The Government has announced a 2% pay increase for independent contractors and salaried GPs, which will be backdated to April 2018.
Responding to the Review Body on Doctors’ and Dentists’ Remuneration (DDRB) report, health and social care secretary Matt Hancock announced pay rises for both groups, while speaking in Parliament yesterday.
Mr Hancock said the pay rise would be backdated to 1 April 2018 and that practices will see ‘a further 1% added to the value of the GP remuneration and practice staff expenses through the GP contract, supplementing the 1% already paid from April 2018 and making a 2% uplift in all’.
He concluded: ‘This will enable practices to increase the pay of practice staff.’
However, the department of health and social care confirmed that as independent contractors, it will be for GP partners to decide how they allocate the contract uplift.
DDBR recommendations
The DDRB had asked for a minimum 2% increase to the national salary scales for salaried GPs and dentists across the UK and a minimum 2% increase, after expenses, for independent contractors.

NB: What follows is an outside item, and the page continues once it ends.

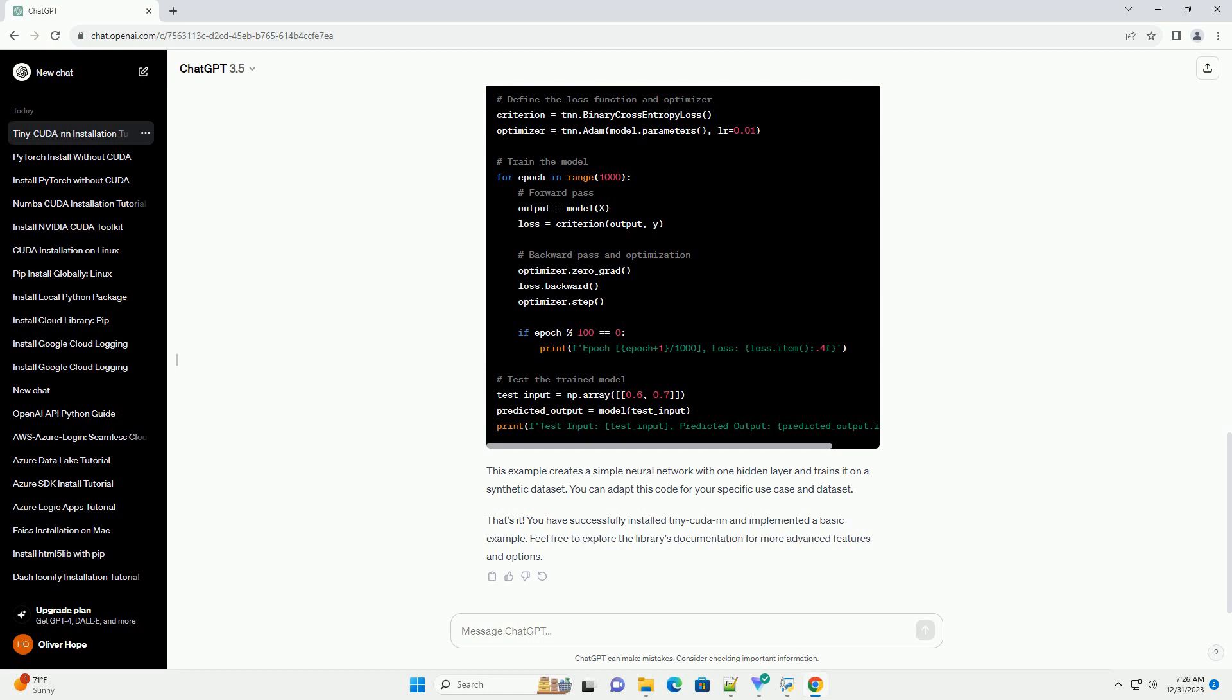You can adapt this code for your specific use case and dataset. That's it. You have successfully installed TinyCudaNN and implemented a basic example. Feel free to explore the library's documentation for more advanced features and options.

However, Mr Hancock did not take into account the additional recommendation made by the DDRB, that in order to better retain and recruit GPs, there should be a total pay increase of 4%.
The DDRB said: ‘We recommend for independent contractor GMPs an additional increase in pay, net of expenses, of 2% above our minimum pay recommendation.’
‘We make a similar additional 2 per cent recommendation to the maximum and minimum of the salary range for salaried GMPs’
A ‘concerning’ announcement
Mr Hancock added that from April 2019, practices could potentially see a further 1% increase ‘to be paid from 2019/20 conditional on contract reform, through a multi-year agreement from 2019/20’.
Commenting on the pay announcement, BMAs GP committee chair Dr Richard Vautrey said: ‘It is deeply concerning that the government has chosen not to honour the findings of its own independent pay review body across the entire NHS, but specifically for GPs.
‘The nation’s beleaguered family doctors and their hard working staff should be receiving at the very least, a 4% pay rise, as recommended by the pay review body, simply to keep services for patients running.’
The announced pay rise may not necessarily lead to salary increases for practice staff and Mr Hancock cannot give that assurance, says Practice Management Network co-chair Steve Williams.
Mr Williams said: ‘GP [partners] are independent contractors and are not obliged to follow the guidelines for Agenda for Change (AfC). This means the DDRB recommendation is only indicative and there is no guarantee that it will be translated into actual pay rises for staff.
He added that although some practices do follow the AfC, many other staff are still on the national living wage.
He continued: ‘We are a skilled profession and salaries should recognise that. However, the only people that can make this happen are the contract holders.
‘I fear that non-clinical practice staff have been overlooked yet again [despite the fact that], with all the recent innovations in primary care, they are being expected to take on a greater workload which is being transferred from the clinical domain.’